Interesting! I have a 1-year old valentine in the ground and just grafted cocktail, but not on the same tree... -8C is possible here, but very uncommon, I hope the trees grow big before that happens, if it does.
What frost cover do you use, is that spun polyester or plastic? I can't quite tell from the photo. Also, I wonder whether it would help to keep it a little away from the plant?

Spun polyester! It is cheap and id doesn't has the dowsides of plastic which doesn't really allows air circulation.
I did some measurements with a medium-weight spun poly floating row cover draped over a small banana. The result was the same inside temperature as outside, but those measurements were above freezing. On their own these covers do not increase the minimum temperature.

In my understanding they just avoid (reduce) radiative cooling. That sort of cooling that happens when a flat surface is exposed towards the dark cloudless night sky and the entire infrared radiation of the object doesn't get replenished by radiative heating from sun and atmosphere. In this case, flat surfaces exposed towards the sky gets cooler than air (that's the reason why on nights around 32F you can see cars with frozen roofs even if temperature never got under 32). Covering the plant, you reflect back to the plant part of the infrared radiation, thus keeping the plant at the same temperature of the air, and in several cases this is a net gain.
They are less useful instead in cloudy nights (which incidentally are also warmer on average because of said effect, cloud behave like a giant blanket).

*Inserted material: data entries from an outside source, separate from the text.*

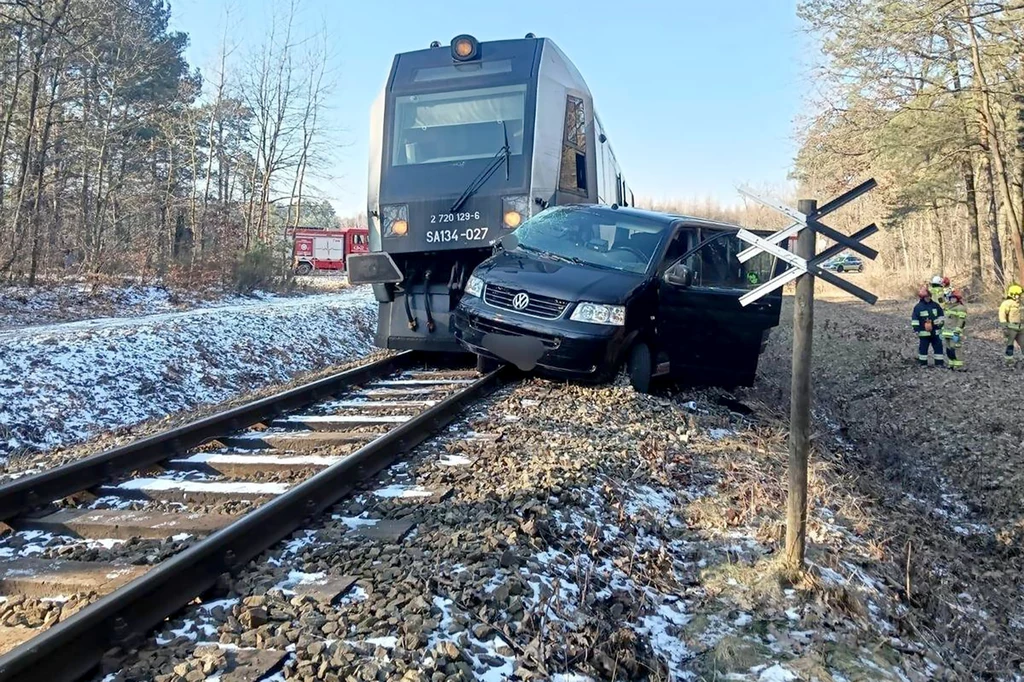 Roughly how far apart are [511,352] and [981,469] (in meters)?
5.08

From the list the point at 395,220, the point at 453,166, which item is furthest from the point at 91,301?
the point at 453,166

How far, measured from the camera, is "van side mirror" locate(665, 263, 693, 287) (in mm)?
7344

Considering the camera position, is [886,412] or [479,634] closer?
[479,634]

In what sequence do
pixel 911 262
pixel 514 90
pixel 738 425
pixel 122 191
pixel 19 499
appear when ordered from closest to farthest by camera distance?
pixel 19 499, pixel 738 425, pixel 514 90, pixel 122 191, pixel 911 262

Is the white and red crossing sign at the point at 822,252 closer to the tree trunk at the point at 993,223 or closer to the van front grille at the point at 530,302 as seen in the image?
the van front grille at the point at 530,302

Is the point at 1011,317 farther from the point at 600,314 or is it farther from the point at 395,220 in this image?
the point at 395,220

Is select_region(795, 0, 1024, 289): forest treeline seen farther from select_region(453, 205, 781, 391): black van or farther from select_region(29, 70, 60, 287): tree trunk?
select_region(29, 70, 60, 287): tree trunk

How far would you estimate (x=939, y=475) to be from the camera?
8078mm

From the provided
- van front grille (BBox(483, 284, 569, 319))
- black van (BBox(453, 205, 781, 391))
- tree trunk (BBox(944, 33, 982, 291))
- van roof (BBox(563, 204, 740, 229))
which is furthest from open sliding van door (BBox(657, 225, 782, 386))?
tree trunk (BBox(944, 33, 982, 291))

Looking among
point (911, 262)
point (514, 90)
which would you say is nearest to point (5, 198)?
point (514, 90)

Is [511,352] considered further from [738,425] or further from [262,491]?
[262,491]

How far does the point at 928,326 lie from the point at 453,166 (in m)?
8.77

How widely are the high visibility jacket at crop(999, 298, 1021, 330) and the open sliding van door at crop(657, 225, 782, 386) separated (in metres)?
7.27

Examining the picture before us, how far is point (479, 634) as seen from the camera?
115 inches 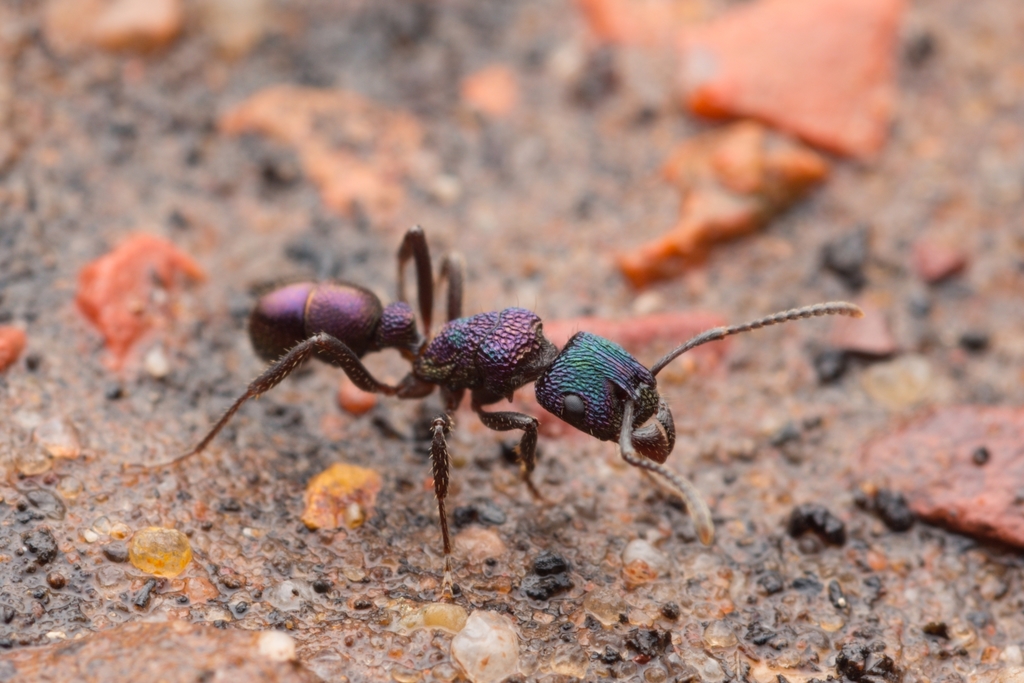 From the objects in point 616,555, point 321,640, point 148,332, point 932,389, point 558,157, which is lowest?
point 321,640

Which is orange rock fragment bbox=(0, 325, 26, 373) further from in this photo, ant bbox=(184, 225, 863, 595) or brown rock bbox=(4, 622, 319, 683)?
brown rock bbox=(4, 622, 319, 683)

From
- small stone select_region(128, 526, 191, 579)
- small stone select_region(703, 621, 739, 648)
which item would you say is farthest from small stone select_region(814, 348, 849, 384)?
small stone select_region(128, 526, 191, 579)

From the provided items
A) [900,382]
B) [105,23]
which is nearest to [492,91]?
[105,23]

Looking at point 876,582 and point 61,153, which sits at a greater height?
point 61,153

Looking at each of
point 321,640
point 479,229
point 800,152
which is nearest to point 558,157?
point 479,229

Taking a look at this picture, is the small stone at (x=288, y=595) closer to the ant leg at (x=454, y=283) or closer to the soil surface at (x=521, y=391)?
the soil surface at (x=521, y=391)

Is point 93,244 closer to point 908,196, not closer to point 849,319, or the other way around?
point 849,319

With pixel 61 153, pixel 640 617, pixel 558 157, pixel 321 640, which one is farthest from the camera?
pixel 558 157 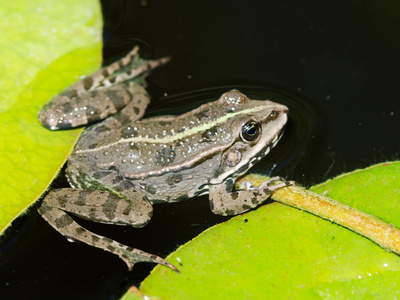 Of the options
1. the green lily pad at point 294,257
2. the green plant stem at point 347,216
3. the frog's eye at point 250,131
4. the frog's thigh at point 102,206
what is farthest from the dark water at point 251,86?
the green plant stem at point 347,216

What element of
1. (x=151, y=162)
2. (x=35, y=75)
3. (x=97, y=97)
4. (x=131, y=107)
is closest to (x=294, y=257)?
(x=151, y=162)

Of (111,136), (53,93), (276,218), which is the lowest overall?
(276,218)

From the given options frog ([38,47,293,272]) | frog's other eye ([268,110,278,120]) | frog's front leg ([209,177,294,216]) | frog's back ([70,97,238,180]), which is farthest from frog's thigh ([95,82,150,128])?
frog's other eye ([268,110,278,120])

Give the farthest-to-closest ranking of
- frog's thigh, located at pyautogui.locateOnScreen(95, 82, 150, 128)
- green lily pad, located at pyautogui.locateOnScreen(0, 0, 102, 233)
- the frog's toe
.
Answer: frog's thigh, located at pyautogui.locateOnScreen(95, 82, 150, 128) < the frog's toe < green lily pad, located at pyautogui.locateOnScreen(0, 0, 102, 233)

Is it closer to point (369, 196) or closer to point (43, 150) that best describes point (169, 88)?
point (43, 150)

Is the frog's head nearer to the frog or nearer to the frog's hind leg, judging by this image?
the frog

I'm assuming that's in climate zone 8b. Citrus fruits have long been grown in Italy (with some difficultly in Italy's North).
I don't think pomelos would ever survive outside like that in my zone 8a Pacific Northwest climate. My Bloomsweet barely survived (with a cover, in a warm spot up against the south-facing side of the house) and right now it looks like it could go either way, I wouldn't be surprised if it dies. (Although temperatures have warmed up by now so any damage should have fully manifested itself by now, I would think)

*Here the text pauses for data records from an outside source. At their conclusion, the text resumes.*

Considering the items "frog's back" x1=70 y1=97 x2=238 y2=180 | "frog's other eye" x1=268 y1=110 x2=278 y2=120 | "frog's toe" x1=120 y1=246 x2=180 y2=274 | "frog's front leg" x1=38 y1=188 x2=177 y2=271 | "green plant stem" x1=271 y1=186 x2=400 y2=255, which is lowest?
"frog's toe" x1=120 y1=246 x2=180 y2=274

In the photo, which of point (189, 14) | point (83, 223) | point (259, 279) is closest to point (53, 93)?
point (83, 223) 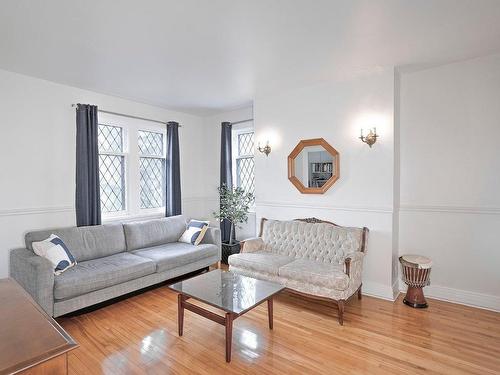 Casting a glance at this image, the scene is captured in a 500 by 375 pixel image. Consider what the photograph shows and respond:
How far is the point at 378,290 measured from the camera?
3461 mm

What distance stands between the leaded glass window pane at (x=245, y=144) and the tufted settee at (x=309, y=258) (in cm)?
153

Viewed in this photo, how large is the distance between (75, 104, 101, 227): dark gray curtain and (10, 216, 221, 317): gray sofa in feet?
0.85

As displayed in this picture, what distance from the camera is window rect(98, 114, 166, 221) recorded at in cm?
431

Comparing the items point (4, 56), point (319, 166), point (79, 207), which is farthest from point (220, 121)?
point (4, 56)

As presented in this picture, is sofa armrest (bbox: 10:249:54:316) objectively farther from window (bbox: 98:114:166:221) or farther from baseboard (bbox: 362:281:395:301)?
baseboard (bbox: 362:281:395:301)

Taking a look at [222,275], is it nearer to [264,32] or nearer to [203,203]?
[264,32]

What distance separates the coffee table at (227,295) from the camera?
7.46ft

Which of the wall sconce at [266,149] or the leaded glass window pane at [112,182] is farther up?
the wall sconce at [266,149]

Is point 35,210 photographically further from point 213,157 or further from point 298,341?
point 298,341

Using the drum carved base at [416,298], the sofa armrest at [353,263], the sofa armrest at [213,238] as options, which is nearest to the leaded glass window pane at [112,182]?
the sofa armrest at [213,238]

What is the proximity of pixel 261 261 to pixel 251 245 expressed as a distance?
1.59 feet

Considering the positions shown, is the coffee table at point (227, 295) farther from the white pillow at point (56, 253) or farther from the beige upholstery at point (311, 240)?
the white pillow at point (56, 253)

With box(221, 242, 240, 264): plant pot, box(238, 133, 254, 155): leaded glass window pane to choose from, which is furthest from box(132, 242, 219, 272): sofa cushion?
box(238, 133, 254, 155): leaded glass window pane

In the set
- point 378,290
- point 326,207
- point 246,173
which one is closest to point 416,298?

Oh. USDA climate zone shouldn't be taken seriously in consideration when describing european climate. Sure, the mathematical calculation still works and as general rule, you can get an idea of what kind of winter you can expect, but they are aimed to tie a plant to a particular climate and as general rule they fail in taking in account the effect of consistent low temperature on some tropical and subtropical plant. This has been a major topic of people on italian forums. I think is important to point this!
Over the years i have found pretty big discrepancies from what you people from US tell us about citrus and when i see from other italian members.Because of that i calculate a usda map zone for italy based on several weather stations, and as you can see i'm between zone 9a and 8b (Florence).

However a lot of the stuff people says it works for usda zone 9a at my place doesn't grow. Like bananas: i have been growing bananas for quite some times and attempted them in ground for several winter but more often than not they die to the corm (dwarf namwah).
Besides, I'm a little bit further North of you, about the same latitude as Northern France.
I'm not that surprised that pomelos could manage to survive in Florence, Italy with a cover over them.
The fact that you appear to be in the middle of a city and they are up against a fence probably helps as well. That fence acts like a windbreak. The concrete bottom of that fence probably helps store a little heat too.

Well, keep in mind that the citrus growing zone in Italy starts around naples, and in Tuscany there isn't even a single plantation of citrus. Definitively citrus has been grown historically all over Italy but northern than Rome, it took quite some effort,and it was reserved to nobles who could afford to heat them in winter in ages when common folk had to endure the frost. Definitively in some places of Italy citrus aren't at home.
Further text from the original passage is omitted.